A. The Court Will Compel Arbitration under New York Law
For the reasons that follow, the Court concludes that Plaintiff belongs to a "class of workers engaged in . . . interstate commerce," 9 U.S.C. § 1, such that the FAA does not provide a basis to compel arbitration. However, New York law provides an alternate avenue to compel arbitration.

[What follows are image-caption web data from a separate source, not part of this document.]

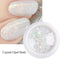 Crystal Fire Opal Flakes Nail Sequins Purple Holographic Glitter DIY Chrome Powder for Spring Nails Manicure Paillettes GL1857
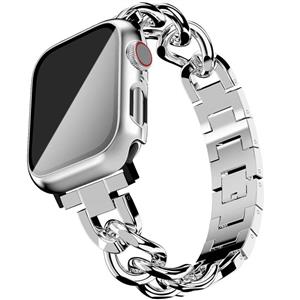 بند کارتیر تک لاین (کوبان) اپل واچ 42-44-45 میلی متر Cartier band (Cuban) Apple watch 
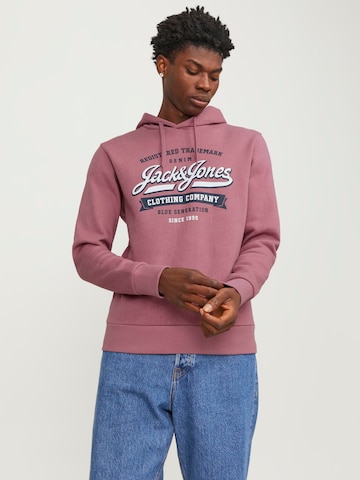 JACK & JONES Sweatshirt in Roze: voorkant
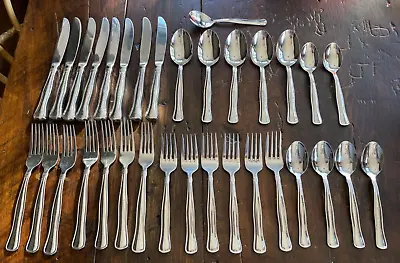 Lot Of 33 Pieces INTERNATIONAL 18/10 Stainless Steel Flatware MADISON Pattern • $32.99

1. Plaintiff is Exempt from FAA Coverage
Section 2 of the FAA, "the 'primary substantive provision of the Act,' . . . declares that an arbitration clause in any 'contract evidencing a transaction involving commerce . . . shall be valid, irrevocable, and enforceable.'" Islam v. Lyft, Inc., No. 20-CV-3004, 2021 WL 871417, at *2 (S.D.N.Y. Mar. 9, 2021) (first quoting Moses H. Cone Mem'l Hosp. v. Mercury Constr. Corp., 460 U.S. 1, 24 (1983); then quoting 9 U.S.C. § 2). Section 1 of the FAA, however, carves out an exemption from the Act's coverage for "contracts of employment of seamen, railroad employees, or any other class of workers engaged in foreign or interstate commerce." 9 U.S.C. § 1. "This exception specifically enumerates two classes of exempt workers who cannot be compelled to arbitrate under the FAA -- maritime and railroad employees -- while including the 'residual category' of classes of workers engaged in foreign or interstate commerce." Islam, 2021 WL 871417, at *2 (citation omitted). "The Supreme Court has interpreted the residuary exemption to exempt from the FAA 'contracts of employment of transportation workers,' . . . and lower courts interpreting 9 U.S.C. § 1 have found that truck drivers engaged in interstate transportation of goods constitute transportation workers under Section 1." Smith v. Allstate Power Vac, Inc., 482 F. Supp. 3d 40, 44-45 (E.D.N.Y. 2020) (first quoting Circuit City Stores, Inc. v. Adams, 532 U.S. 105, 119 (2001); then citing Kowalewski v. Samandarov, 590 F. Supp. 2d 477, 482-83 (S.D.N.Y. 2008)). Recently, the Supreme Court clarified that "the Section 1 exemption does not apply exclusively to contracts of 'employees,' but rather to 'agreements to perform work,' including those of independent contractors." Waithaka v. Amazon.com, Inc., 966 F.3d 10, 17 (1st Cir. 2020) (quoting New Prime Inc. v. Oliveira, 139 S. Ct. 532, 544 (2019)); accord Bissonette v. Lepage Bakeries Park St., LLC, 460 F. Supp. 3d 191, 197-98 (D. Conn. 2020).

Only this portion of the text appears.